§ **Dataset extract**
#####
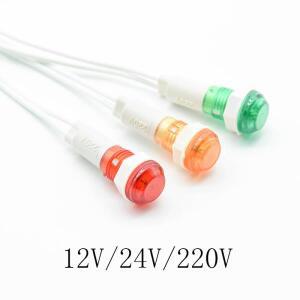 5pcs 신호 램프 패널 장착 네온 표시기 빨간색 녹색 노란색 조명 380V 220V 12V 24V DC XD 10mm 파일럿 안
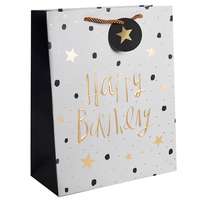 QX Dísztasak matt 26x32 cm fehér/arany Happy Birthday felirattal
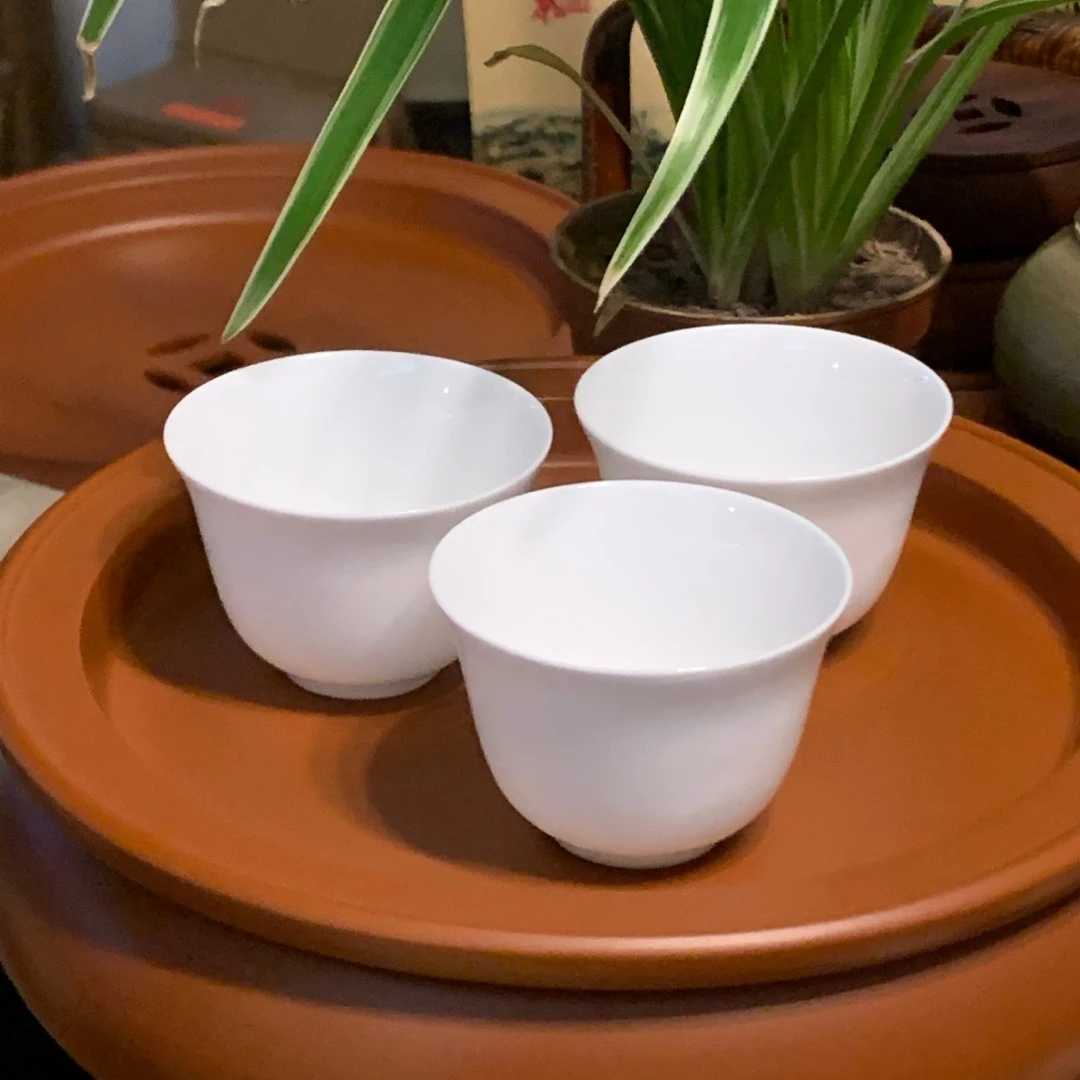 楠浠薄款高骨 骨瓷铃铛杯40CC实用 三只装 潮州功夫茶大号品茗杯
#####
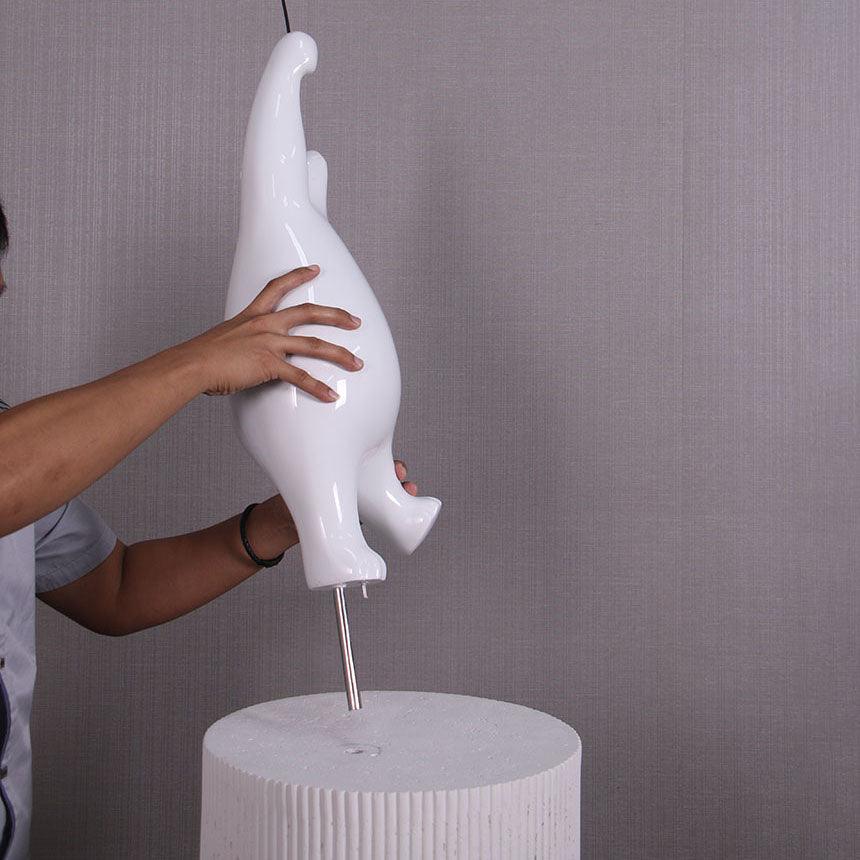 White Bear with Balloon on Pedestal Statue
#####
§ **Your objective**
In the records above, find the line with "5pcs 신호 램프 패널" and the line with "楠浠薄款高骨 骨瓷铃铛杯40CC实用 三只装 潮州功夫茶大号品茗杯", then restate word for word only those two lines and all lines between, omitting pictures.

§ **Finished exercise**
 5pcs 신호 램프 패널 장착 네온 표시기 빨간색 녹색 노란색 조명 380V 220V 12V 24V DC XD 10mm 파일럿 안
 QX Dísztasak matt 26x32 cm fehér/arany Happy Birthday felirattal
 楠浠薄款高骨 骨瓷铃铛杯40CC实用 三只装 潮州功夫茶大号品茗杯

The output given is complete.